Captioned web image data
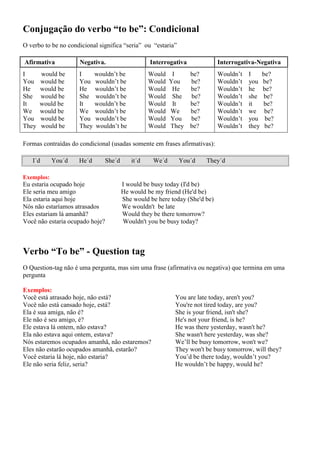 Conjugação do verbo “to be”: Condicional
O verbo to be no condicional significa “seria” ou “estaria”
Afirmativa Negativa. Interrogativa Interrogativa-Negativa
I would be
You would be
He would be
She would be
It would be
We would be
You would be
They would be
I wouldn’t be
You wouldn’t be
He wouldn’t be
She wouldn’t be
It wouldn’t be
We wouldn’t be
You wouldn’t be
They wouldn’t be
Would I be?
Would You be?
Would He be?
Would She be?
Would It be?
Would We be?
Would You be?
Would They be?
Wouldn’t I be?
Wouldn’t you be?
Wouldn’t he be?
Wouldn’t she be?
Wouldn’t it be?
Wouldn’t we be?
Wouldn’t you be?
Wouldn’t they be?
Formas contraídas do condicional (usadas somente em frases afirmativas):
I´d You´d He´d She´d it´d We´d You´d They´d
Exemplos:
Eu estaria ocupado hoje I would be busy today (I'd be)
Ele seria meu amigo He would be my friend (He'd be)
Ela estaria aqui hoje She would be here today (She'd be)
Nós não estaríamos atrasados We wouldn't be late
Eles estariam lá amanhã? Would they be there tomorrow?
Você não estaria ocupado hoje? Wouldn't you be busy today?
Verbo “To be” - Question tag
O Question-tag não é uma pergunta, mas sim uma frase (afirmativa ou negativa) que termina em uma
pergunta
Exemplos:
Você está atrasado hoje, não está? You are late today, aren't you?
Você não está cansado hoje, está? You're not tired today, are you?
Ela é sua amiga, não é? She is your friend, isn't she?
Ele não é seu amigo, é? He's not your friend, is he?
Ele estava lá ontem, não estava? He was there yesterday, wasn't he?
Ela não estava aqui ontem, estava? She wasn't here yesterday, was she?
Nós estaremos ocupados amanhã, não estaremos? We’ll be busy tomorrow, won't we?
Eles não estarão ocupados amanhã, estarão? They won't be busy tomorrow, will they?
Você estaria lá hoje, não estaria? You’d be there today, wouldn’t you?
Ele não seria feliz, seria? He wouldn’t be happy, would he?
 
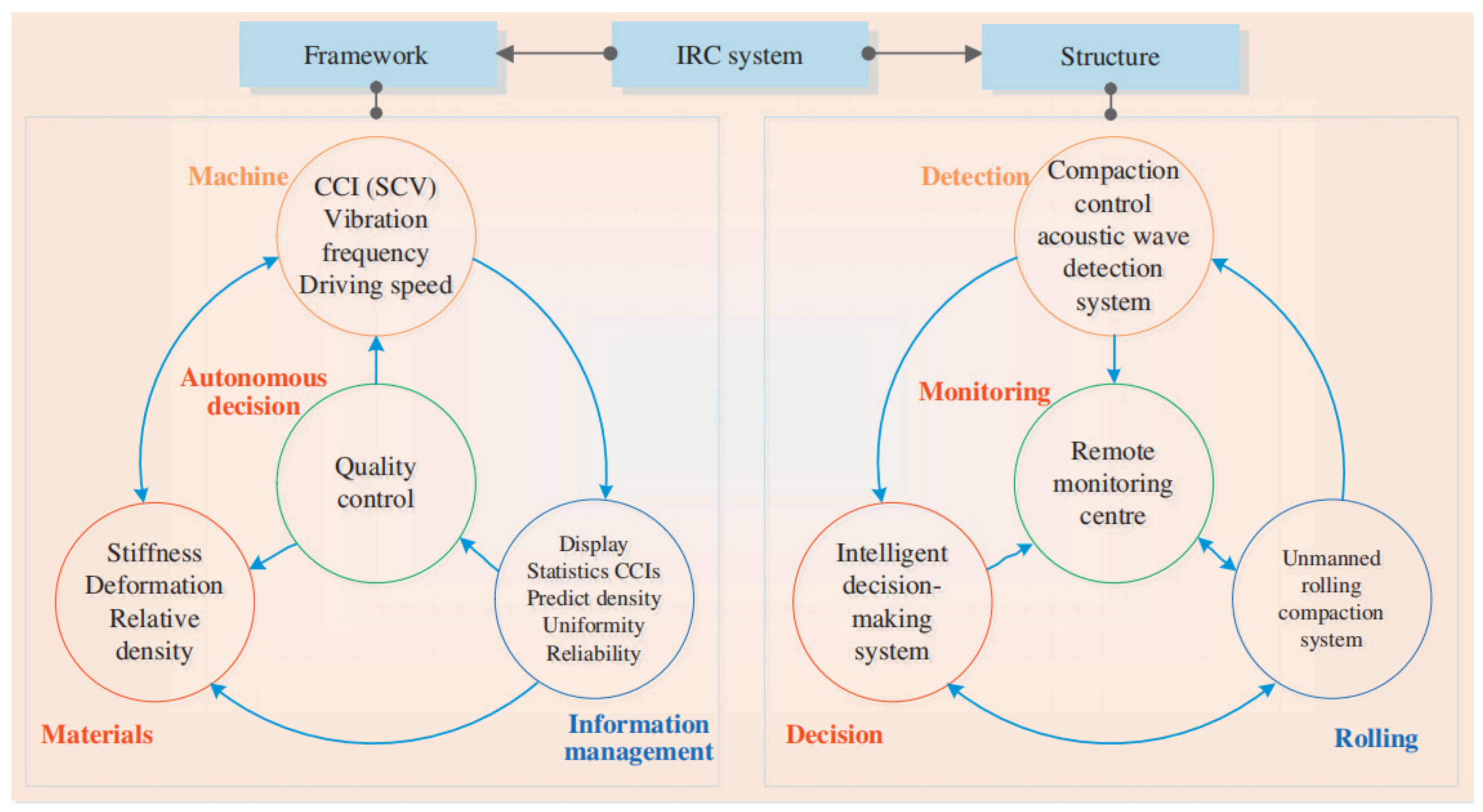 Materials 15 02610 g013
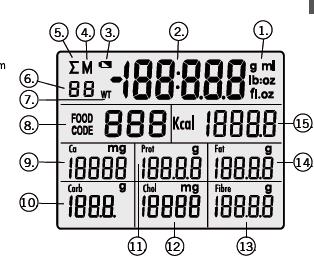 1. Egységek 2. Megjelenített érték súly/térfogat 3. Elem csere kijelző 4. Memória megtelt 5. Gyűjtőmemória kijelző 6.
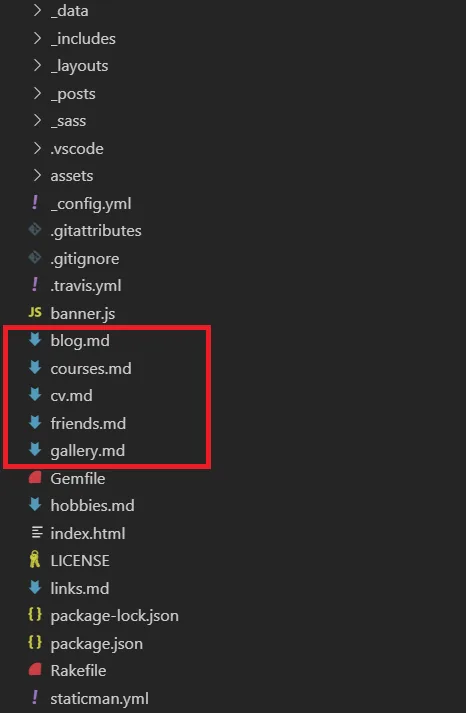 The page files in the file list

== Task brief ==
From the line that contains "Ela estaria aqui" to the last line of the data above, inclusive, transcribe every line exactly and only those lines, omitting pictures.

== Result ==
Ela estaria aqui hoje She would be here today (She'd be)
Nós não estaríamos atrasados We wouldn't be late
Eles estariam lá amanhã? Would they be there tomorrow?
Você não estaria ocupado hoje? Wouldn't you be busy today?
Verbo “To be” - Question tag
O Question-tag não é uma pergunta, mas sim uma frase (afirmativa ou negativa) que termina em uma
pergunta
Exemplos:
Você está atrasado hoje, não está? You are late today, aren't you?
Você não está cansado hoje, está? You're not tired today, are you?
Ela é sua amiga, não é? She is your friend, isn't she?
Ele não é seu amigo, é? He's not your friend, is he?
Ele estava lá ontem, não estava? He was there yesterday, wasn't he?
Ela não estava aqui ontem, estava? She wasn't here yesterday, was she?
Nós estaremos ocupados amanhã, não estaremos? We’ll be busy tomorrow, won't we?
Eles não estarão ocupados amanhã, estarão? They won't be busy tomorrow, will they?
Você estaria lá hoje, não estaria? You’d be there today, wouldn’t you?
Ele não seria feliz, seria? He wouldn’t be happy, would he?
 
 Materials 15 02610 g013
 1. Egységek 2. Megjelenített érték súly/térfogat 3. Elem csere kijelző 4. Memória megtelt 5. Gyűjtőmemória kijelző 6.
 The page files in the file list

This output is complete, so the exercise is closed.